• _TASK DIRECTIONS_
The line with "Monastero buddista appollaiato" marks the first line to copy, and the line with "Located at 200" marks the last. Transcribe that stretch of the data below exactly, without pictures.

• _DATA FOR THIS EXERCISE_
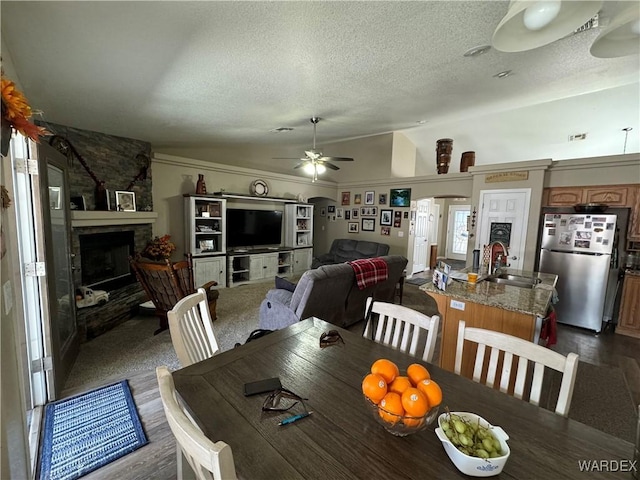dining room featuring a fireplace, dark wood finished floors, a textured ceiling, a ceiling fan, and vaulted ceiling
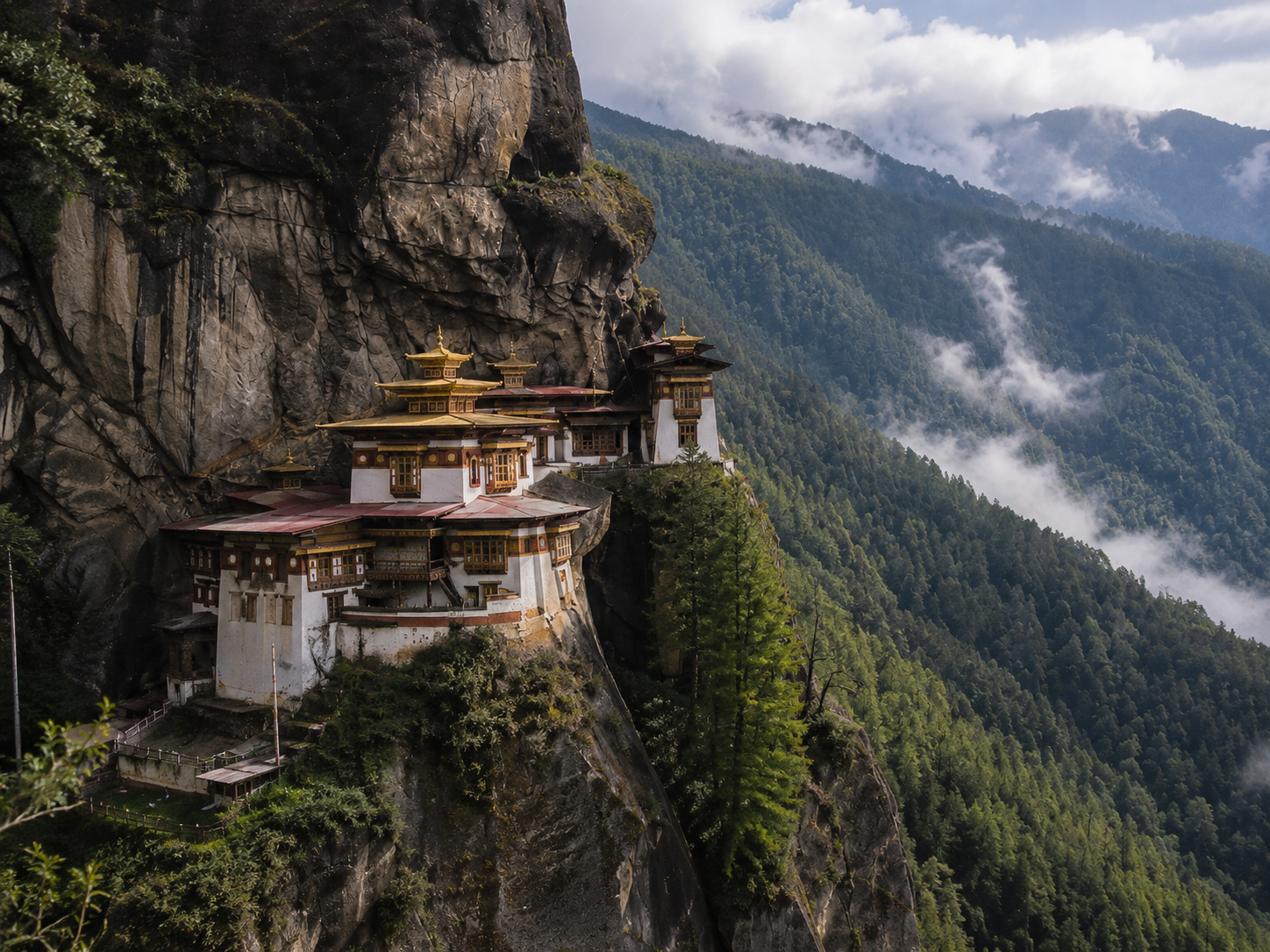 Monastero buddista appollaiato su una scogliera in montagna, circondato da foresta e nuvole.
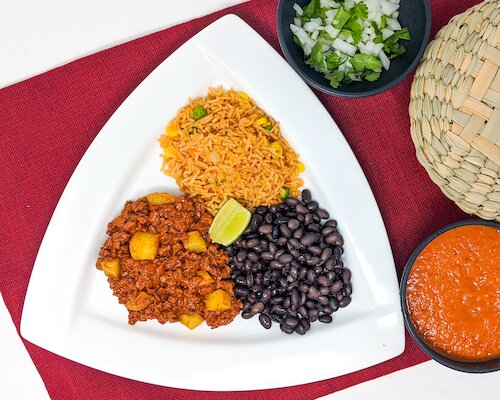 Vegan taco plate with soyrizo, potatoes, rice, beans, and salsa for catering}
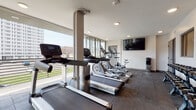 Located at 200 W Norwich Ave in Columbus, Ohio, this well-equipped fitness center offers a comprehensive workout environment designed to support a wide range of exercise routines. The space is thoughtfully laid out across a single floor, with distinct zones for cardio training, strength work, and free weights.

Along one side of the room, a row of cardio machines — including treadmills, ellipticals, and a stationary spin bike — lines the expansive floor-to-ceiling windows, allowing users to exercise with ample natural light and open views of the surrounding Columbus neighborhood. The large glazed panels give the space an airy, open feel that enhances the overall workout experience.

The strength training area features a Rogue power rack with a barbell and weight plates, along with multiple adjustable benches for varied lifting exercises. A full dumbbell rack with an organized range of free weights provides additional versatility. Floor-to-ceiling mirrors line one wall, making the space feel larger while allowing users to monitor their form.

Underfoot, dark rubber flooring covers the entire gym, providing both durability and safety during high-impact activities. Recessed lighting throughout ensures the space is well-lit at all times. A wall-mounted flat-screen TV and a standing water dispenser add practical amenities, completing this modern, fully outfitted fitness facility.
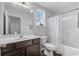 Cozy bathroom features a vanity with a dark wood cabinet, a tub/shower combo, and a window at 349 Lakota Loop, Longs, SC 29568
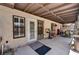 Rear patio featuring cover, tile flooring, a door to the home, and exterior storage space at 3987 Saddlewood Ct, Las Vegas, NV 89121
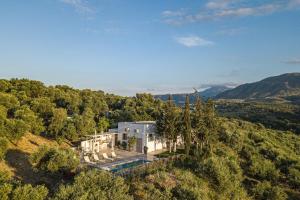 an aerial view of a house in the hills at MariAndry Villa, Enchanting Secluded Retreat, By ThinkVilla in Episkopi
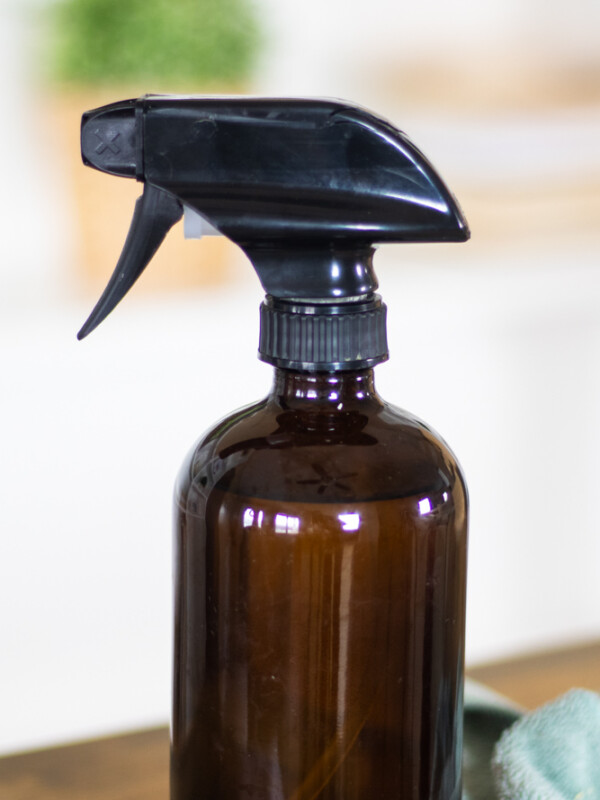 homemade cleaning product in glass spray bottle.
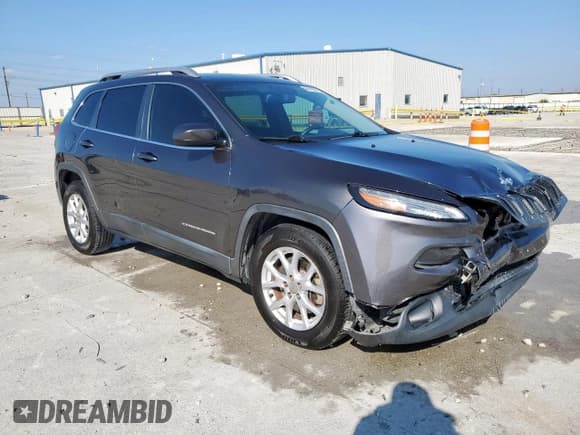 ✅ 2015 Jeep Cherokee Latitude • VIN: 1C4PJLCS5FW516841 • Lot: 84189215. Listed on Copart with 164,493 mi. Free auction sales archive from the USA and detailed vehicle history report at DreamBid. Image 4.
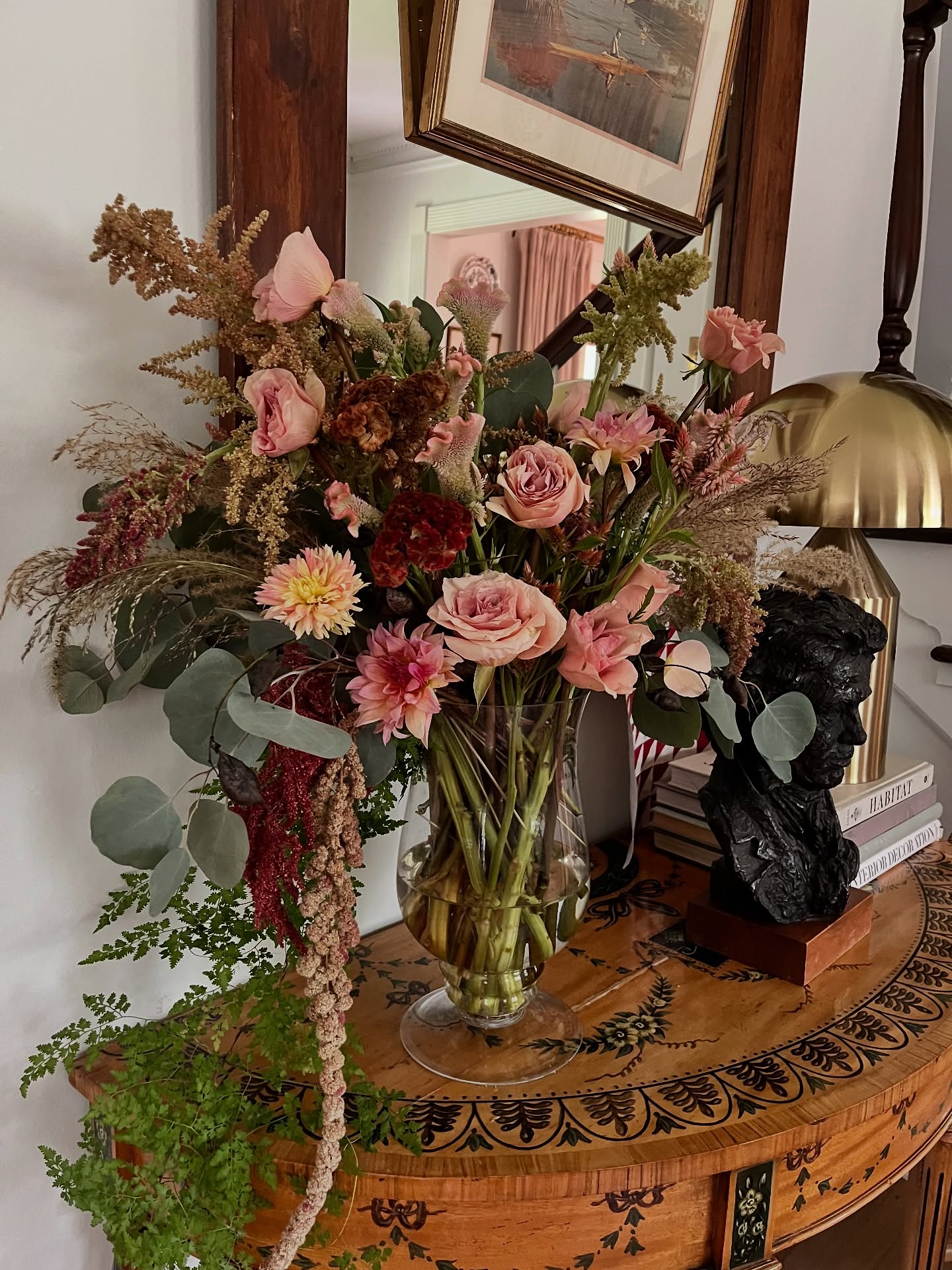 Terra cotta and champagne celosia mixed with muted rose tones for this arrangement destined for @southern_heartland_art gallery. I wanted to use some pieces I previously dried for a more antiqued, tonal effect.
Featuring: celosia, amaranthus, eucalyptus, various dried flora, home-grown dahlia, old roses that were still beautiful, foraged fern vine
Styled at @homeonrabbitfarm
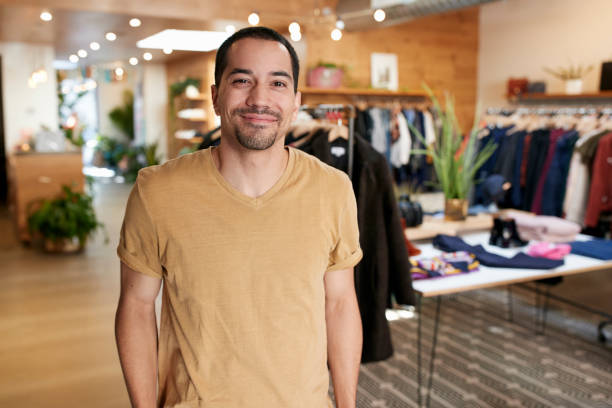 istock Smiling young Hispanic man standing in a clothes shop 901863426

• _ANSWER TO THE PROBLEM_
 Monastero buddista appollaiato su una scogliera in montagna, circondato da foresta e nuvole.
 Vegan taco plate with soyrizo, potatoes, rice, beans, and salsa for catering}
 Located at 200 W Norwich Ave in Columbus, Ohio, this well-equipped fitness center offers a comprehensive workout environment designed to support a wide range of exercise routines. The space is thoughtfully laid out across a single floor, with distinct zones for cardio training, strength work, and free weights.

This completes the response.